29.Żydzi i komunizm-Wnuki żydokomuny.pdf

(108 KB) Pobierz
Wnuki "żydokomuny"
Wnuki "żydokomuny"
Michał: Często słyszymy, że kwestii pokolenia żydowskich komunistów nie należy dziś w
Polsce poruszać. Ten temat, wstydliwy dla Żydów, jest pomijany w większości
publicznych wypowiedzi członków naszej społeczności. Zapominając o nim, prowadzimy
z Polakami dialog oparty na wyznaniach winy jedynie z polskiej strony: Polacy
przepraszają za antysemityzm lat '30, za bierność w czasie Holocaustu czy za marzec
'68. My natomiast jesteśmy dumni z naszej wspaniałej przeszłości - przeszłości ofiar.

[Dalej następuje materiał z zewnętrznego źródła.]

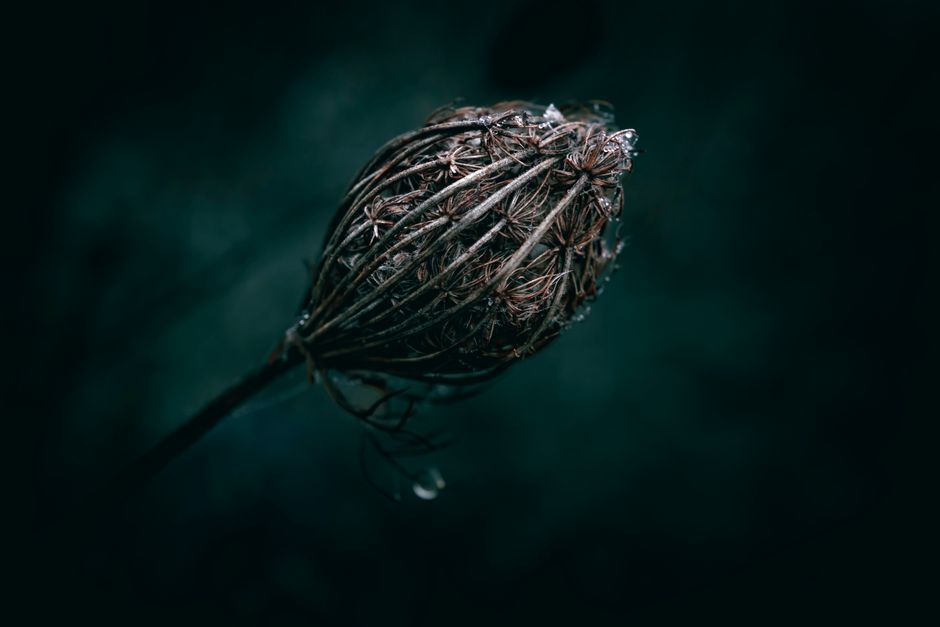 Intercropping and Wilting: When a Drooping Plant Is Telling You Something About Competition, Not Water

Odwołujemy się również do innej historii - do tradycji wybitnych naukowców i twórców
kultury. Czołowy polski żydowski historyk Marian Fuks pisze w zeszłorocznym
"Kalendarzu Żydowskim" o tym, że w świecie nauki stanowimy "imponujący odsetek,
który budzi szacunek i zadziwia". Dalej tworzy swoisty ranking "żydowskich naukowców",
wśród których znajdziemy Freuda, Bohra, Husserla i Tarskiego. Jesteśmy więc dumni z
naszego narodu, włączając do naszego grona nawet tych, którzy sami za Żydów się nie
uważali. Jeśli jesteśmy dumni z Freuda, to jak powinniśmy traktować Bermana? Czy, jak
pisze Stanisław Krajewski, musimy się z tego powodu za niego wstydzić? Czy
"imponujący odsetek" wśród przywódców polskiego ruchu komunistycznego ma zostać
wstydliwie przemilczany? Czy mamy prawo być selektywni co do historii naszego
narodu?
Robin: Ja się na pewno nie utożsamiam z wszystkimi Żydami wszechczasów. Myślę, że
można odróżnić kilka tradycji europejskich Żydów. Są wśród nich staliniści, ale też np.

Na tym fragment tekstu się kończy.